§ **About this exercise**
Shown below are entries with pictures; the line with "2 plus 2 equals 2..." through the line with "We also have" is the span to retype exactly, and the pictures stay out.

§ **Records provided**
--------------------------------------------------
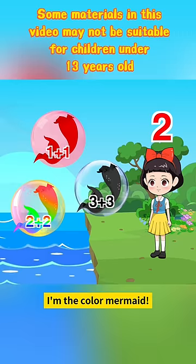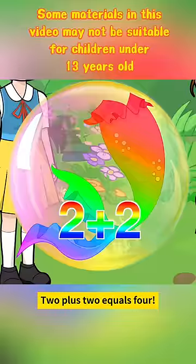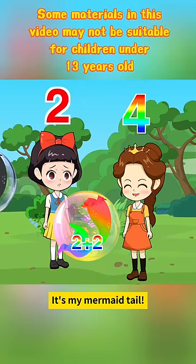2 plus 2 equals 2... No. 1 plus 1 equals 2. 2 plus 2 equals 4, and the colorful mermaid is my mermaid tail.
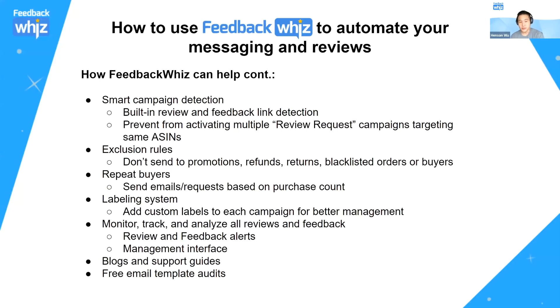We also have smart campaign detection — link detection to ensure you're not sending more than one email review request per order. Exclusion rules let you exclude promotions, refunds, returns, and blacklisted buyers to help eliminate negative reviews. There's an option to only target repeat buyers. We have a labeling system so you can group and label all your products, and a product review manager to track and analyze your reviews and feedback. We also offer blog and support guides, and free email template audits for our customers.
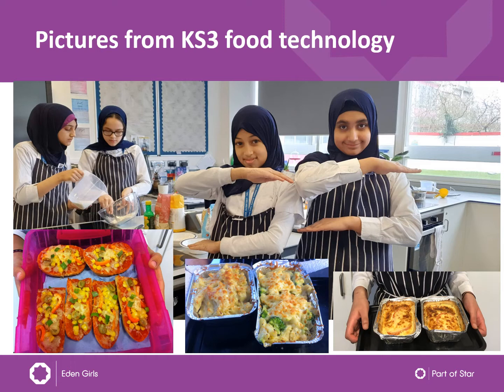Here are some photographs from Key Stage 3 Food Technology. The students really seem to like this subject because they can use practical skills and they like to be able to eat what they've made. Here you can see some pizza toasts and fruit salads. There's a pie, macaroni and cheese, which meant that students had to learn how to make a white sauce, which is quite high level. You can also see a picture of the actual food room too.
--------------------------------------------------
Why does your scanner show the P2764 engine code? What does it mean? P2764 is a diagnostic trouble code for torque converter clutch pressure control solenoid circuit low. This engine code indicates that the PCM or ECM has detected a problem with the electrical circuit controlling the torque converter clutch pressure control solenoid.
--------------------------------------------------
§ **Written solution**
2 plus 2 equals 2... No. 1 plus 1 equals 2. 2 plus 2 equals 4, and the colorful mermaid is my mermaid tail.
We also have smart campaign detection — link detection to ensure you're not sending more than one email review request per order. Exclusion rules let you exclude promotions, refunds, returns, and blacklisted buyers to help eliminate negative reviews. There's an option to only target repeat buyers. We have a labeling system so you can group and label all your products, and a product review manager to track and analyze your reviews and feedback. We also offer blog and support guides, and free email template audits for our customers.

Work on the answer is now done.